I have a standalone ESXi 5.5.0 b2143827. It is running on a Dell R710 with 144GB of RAM. It has approximately 20 VM's on it.
Right now, I cannot get onto the console via the VMWare vSphere client or SSH. It just acts as if the server does not exist. The host will come back at seemingly random times and I can get onto the host via SSH and the vSphere client, but then it will just go off the network again at an undetermined time in the future. I can access it through the emergency console on the physical host itself (Alt+F1
).
However, all the VM's are active and working. But about 10 times a day, all the VMs will drop off the network for between 15 seconds and 5 minutes. Then they will come back just fine and everything keeps on ticking.

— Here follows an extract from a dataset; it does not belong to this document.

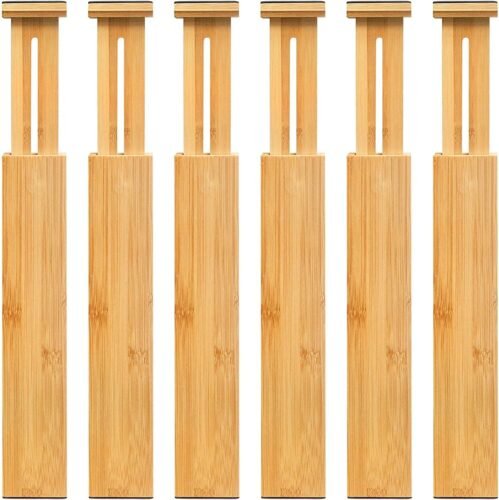 VaeFae Adjustable Bamboo Drawer Dividers, Expandable Drawer Organizer for Kitchen, Bedroom, Bathroom, Dresser and Office, 6-Pack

I have done the following:
- It was on a previous build, I updated it to b2143827. This made no difference
/sbin/services.sh restart
- this does not help the situation- Restarted the physical host. This made no difference.
- From the physical console (
Alt+F1
) I have pinged another physical device on the network. It does not drop any packets at all. - From the physical console, I have pinged a virtual machine on the host. It suffers approximately 80% loss
- From a remote machine, I can ping the management IP address with 0% packet loss
- From a remote machine, I can ping a VM on the host and can see the host clearly go off and back on the network occasionally
- I watched
tail -f /var/log/hostd.log
for a while and saw nothing untoward happening there - The system is installed on an SD card. I have shut the server down,
DD
'd the card to another card, then booted it on the new card. Same issue. - Tried a different network switch
- Ran the Dell Update Manager and updated every single firmware to the latest version.
I'm at a loss where to go from here. This server has operated flawlessly for the past 2.5 years. VMWare used to be installed on a physical drive, but 6 months ago it was moved onto the SD card so we could reconfigure the physical drives.